Pokémon Goは、ARを搭載した最初のアプリケーションであり、数百万人規模のアプリケーションを開発しており、ナイアンティックのチームは、ARアプリケーションを大規模に開発してきた豊富な経験を持っています。

ARを成功させるためには、仮想オブジェクトが現実のオブジェクトの後ろに隠れていて(オクルージョン)、現実の壁を跳ね返したり、実際のテーブルの棚から落ち、置いたままの場所に留まる(すなわち物理学的な再現と持続的な表現の実現)など、多くのことを「リアルに」動作させる必要があります。

そのためには、「世界の3Dマップ」が必要です。

世界の3Dマップを構築し、すべての開発者に開放することで、ARは人や場所との新たなつながりの形を生み出すでしょう。

今回の買収により、コンピュータビジョン・AR・機械学習のエンジニアリングと研究の分野で最高の人材を結集し、AR業界全体の発展に貢献していきます。

GoogleがMap APIを公開したことで、(UberやLyftのような)ギグエコノミーが可能になったように、他の才能ある開発者がテクノロジーにアクセスできるようになれば、将来的にどのようなことが可能になるでしょうか? それを我々は実現できるはずです。

ナイアンティック側も、ARの広い可能性を模索している。そこでは、6D.aiのもつ「3Dの空間マップを作り出す技術」が重要だ。

Higaki氏:すべてのアプリケーションが機械読み取り可能な地図を通して世界を見ることができるようになれば、よりリアルでインタラクティブな体験を生み出すことができるようになります。

私たちは、あらゆる種類のアプリケーションに、新しい種類の「惑星スケール」のAR体験を可能にするために必要とされる、ダイナミックで3Dな空間マップを構築することを目指しています。

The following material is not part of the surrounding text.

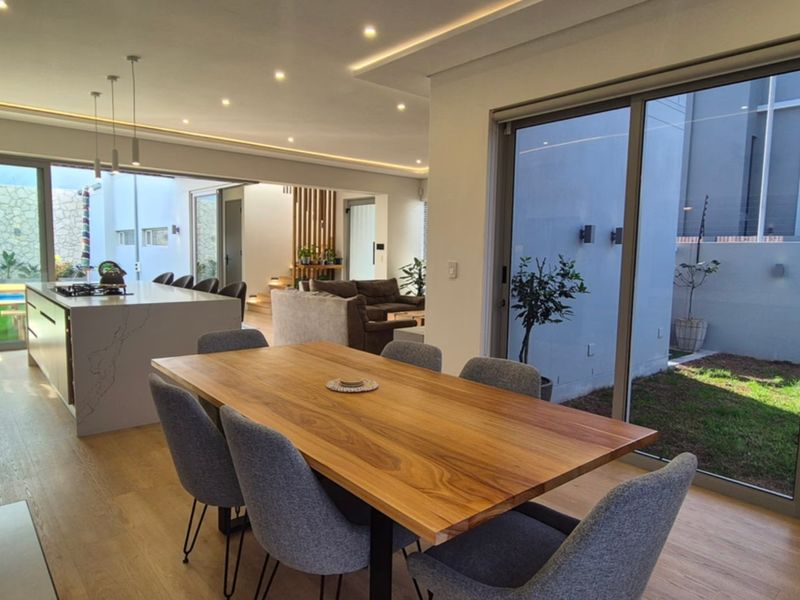 Modern open-plan living and dining area featuring high-end finishes, recessed lighting, and large sliding glass doors that provide seamless indoor-outdoor flow.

これは、Googleでインタラクティブな3D地図を構築することをルーツにもつ弊社にとって、自然な延長線上にある発想です。Google EarthやGoogleマップは人間のために作られたもので、人間の目で見ても親しみやすく、アクセスしやすいUIになるように設計されていました。

私たちが構築しているARマップは、「機械のために構築」されている、全く異なる種類のマップです。全く新しい可能性を切り開くことになるでしょう。

私たちの目標は、ARの可能性を最大限に引き出すために、プラットフォームを開発者に開放することでした。

それは既に始まっています。「Niantic Creator Program」のサイトでは、開発者が作ったアプリケーションの一部を見ることができます。

個人的には、ナビゲーションやローカルディスカバリー、ロケーションベースのレコメンデーションのために構築された新しい体験がどのようなものになるのか、今からワクワクしています。